Edge Computing in Advertising Explained

Tim Cross 19 May, 2021 

You might have heard the term ‘edge computing’ cropping more and more in advertising circles in recent times, but the concept isn’t a new one.

The basic principle, of moving the processing of data away from massive data centres and closer to where it’s physically collected, emerged in the 90s with the development of content delivery networks or CDNs – which play a major role in video delivery.

But technological changes are driving higher usage of edge computing. In 2018 Gartner found that just ten percent of enterprise-generated data was processed through edge computing, but Gartner predicted that this would rise to 75 percent by 2025.

And the advertising industry is being caught in this wave, with edge computing set to play a bigger role in a number of areas across the industry.

The Basics

Historically, companies which process huge volumes of data would use massive centralised data centres.

But these data centres may be thousands of miles away from the end user. Even though data can be delivered over an internet connection extremely quickly, these data transfers still cause latency issues.

And when massive amounts of data are being sent at the same time, bandwidth limits can be an issue.

The concept of edge computing means reducing the distance data has to travel, and the volume of data which needs to be sent, by processing as much of this data as possible closer to the source of the data.

This model of data processing can speed up decisioning for data-driven advertising, speeding up load times for users. This will become more and more relevant as more and more data is fed into the ad decisioning process, as connected home devices play a bigger role in advertising.

And edge computing is also being used to improve privacy in online advertising, reducing the amount of personal data which is sent away from a user’s device.

The Technical Details

Edge computing architecture can take several different forms.

In some cases this means building ‘edge nodes’ (a local server and data centre) which are closer to the end user. These edge nodes will then process as much of the data as they can themselves, and only send data to the cloud or to a centralised data centre where necessary.

This is the principle behind CDNs. By having a distributed network of servers and data centres, internet-connected devices communicate with whichever node is closest, rather than all having to communicate with the same data centre which might be half the world away.

In other cases, data might be processed on the user’s device itself. This is becoming increasingly common as the processing power available on consumer devices continues to grow.

For example we’re seeing this happen on smart home devices, which ingest large amounts of complex data, and are expected to have quick response times. At the moment, a smart home device like an Amazon Echo will send data off to the cloud to process a users’ request and get back an answer.

But Amazon is working to process more data on its Echo devices, thus reducing the amount of data being sent and speeding up response times.

The first of these two models already plays a big role in advertising. As mentioned, CDNs are used to deliver video content, including video ads.

But it’s really the latter model, where more data is processed on a consumer’s devices, which is generating excitement in the advertising world.

We’re already seeing edge computing being used to enhance user privacy. If a user’s device is able to use personal data for ad decisioning, but without that personal data ever leaving their device, third parties can use that data without actually being able to see it.

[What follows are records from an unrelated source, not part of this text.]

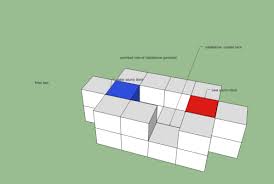 Obsidian farming refers to methods of obtaining large quantities of obsidian. Skyblocks Tips Tricks Information Runic Universe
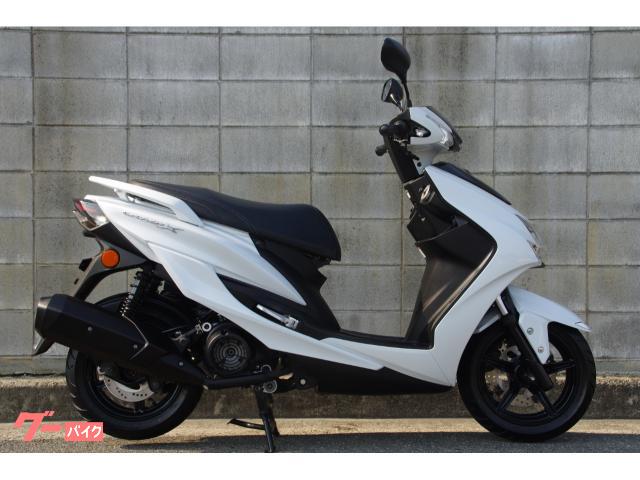 SED8J 国内　5型　シグナス　外装セット ヤマハ発動機 台湾ヤマハ純正 5型シグナスX CYGNUS X SED8J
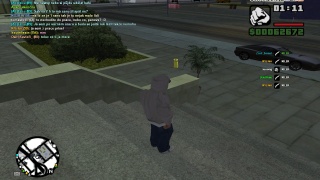 GTA_SA_MP 26.02.2021 1_11_40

Apple for example staked its claim to the privacy high ground partly by keeping a lot of personal data on users’ devices, using on-device technology to interpret and process that data. And some of Google’s privacy sandbox proposals preserve privacy by handling ad decisioning on a user’s device.

And edge computing is expected to play a growing role as internet-connected devices proliferate.

As connected-home devices become more common, they’ll collect huge volumes of data on their owners. Not all of this will necessarily be relevant to advertisers (it’s unlikely that many brands will want to specifically target ads to users who burnt their toast in their connected toaster that morning). But a lot of it is likely to be of some interest to marketers. Edge computing will make it much quicker to process this data, and potentially avert privacy concerns by keeping sensitive data within a local network.

The Pros and Cons

The main benefits of edge computing have already been outlined above: its speed, lower use of bandwidth, and privacy protection.

But there is a reason that edge computing hasn’t been the default architecture for data processing.

The main disadvantages are the extra burdens placed on consumers’ devices, since they have to be able to store and process data themselves. These limits can mean the sophistication of this data processing, and the amount of data which is stored, could be reduced compared to systems where data is processed off-device.

2021-05-19T12:45:04+01:00

About the Author:

Tim Cross is Assistant Editor at VideoWeek.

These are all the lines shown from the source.